Sta peggiorando l’emergenza umanitaria nella Repubblica Centrafricana (CAR), uno dei paesi più poveri del mondo, nonostante disponga di materie prime in abbondanza. Non si tratta solo del legname delle foreste che ricoprono buona parte del territorio, ma anche di diamanti, oro e petrolio.
Negli ultimi mesi la violenza ha segnato una forte escalation nel lungo conflitto cominciato nel paese nel 2012, quando la coalizione ribelle di «Seleka», per lo più costituita da militanti musulmani, lanciò un’offensiva contro l’ex presidente Francois Bozizè per poi prendere il potere nel marzo 2013, provocando la rappresaglia delle milizie cristiane anti-balaka (cioè «anti-machete»).

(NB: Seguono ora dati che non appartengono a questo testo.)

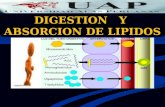 Clase 10. Digestion Lipidos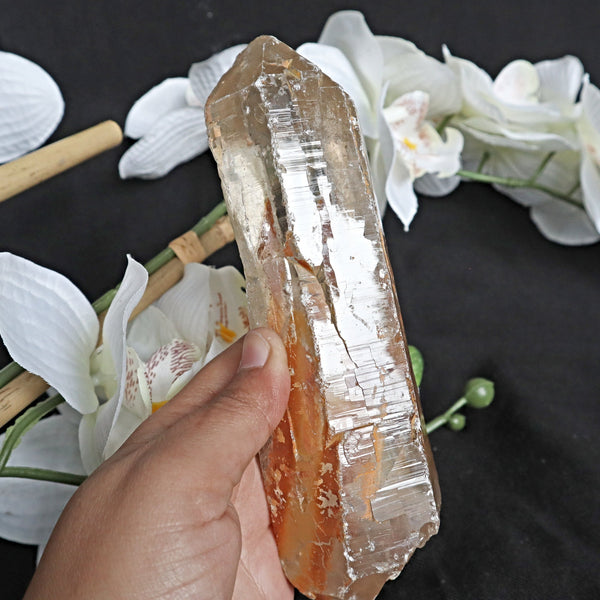 Himalayan Quartz with iron oxide Large 6.75 inches, 2 inches thick, High Vibration Wealth Crystal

Nelle ultime due settimane la violenza delle milizie ha ucciso circa 300 persone, un centinaio solo nella città di Alindao, nel sud del paese. Tra queste – lo riferisce World Watch Monitor (Wwm) – c’è anche il pastore battista Ange-Apoléon Ngakolada, 36 anni, che lascia orfani otto figli.

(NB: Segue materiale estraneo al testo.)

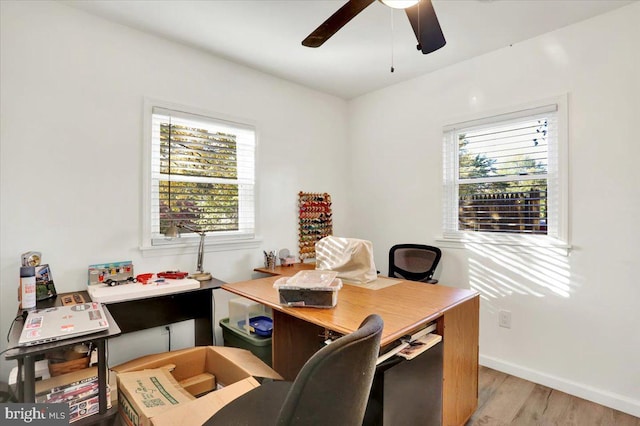 home office with ceiling fan, a healthy amount of sunlight, and light wood-type flooring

Dai dati raccolti da Wwm – sito impegnato a raccontare le ingiustizie patite dai cristiani nel mondo a causa della loro fede –, Ngakolada sarebbe stato coinvolto in una controversia con i musulmani locali. Il presidente dell’Associazione delle Chiese Evangeliche Battiste in CAR, Singa Gbadia, ha dichiarato che il pastore battista sarebbe stato preso di mira dai musulmani locali che si opponevano alla costruzione dell’edificio della sua chiesa.

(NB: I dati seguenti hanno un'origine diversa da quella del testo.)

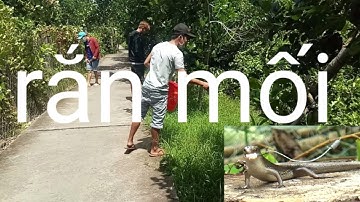 Câu rắn mối bằng con thằn lằn, Săn bắt miền tây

«I musulmani hanno utilizzato i disordini avvenuti a Alindao per ucciderlo nella sua casa», ha riferito World Watch Monitor.
Anche il leader dell’Alleanza evangelica della CAR, rev. Nicolas Guérékoyamé-Gbangou – il cui figlio e nipote sono stati recentemente uccisi – è stato preso di mira.
Il rev. Aiah Foday-Khabenje, segretario generale dell’Associazione degli Evangelici in Africa, ha dichiarato di essere «rattristato e scioccato dalle notizie di questo attacco mortale mirato ai leader religiosi, che hanno dimostrato coraggio e hanno portato speranza al loro popolo nella CRA».
Dalla fine di aprile l’Onu ha contato circa 440.000 sfollati in tutto il paese, ma entro la fine di maggio il numero potrebbe raggiungere i 500.000: ciò rappresenterebbe il più alto numero di sfollati, raggiunto dall’inizio del conflitto.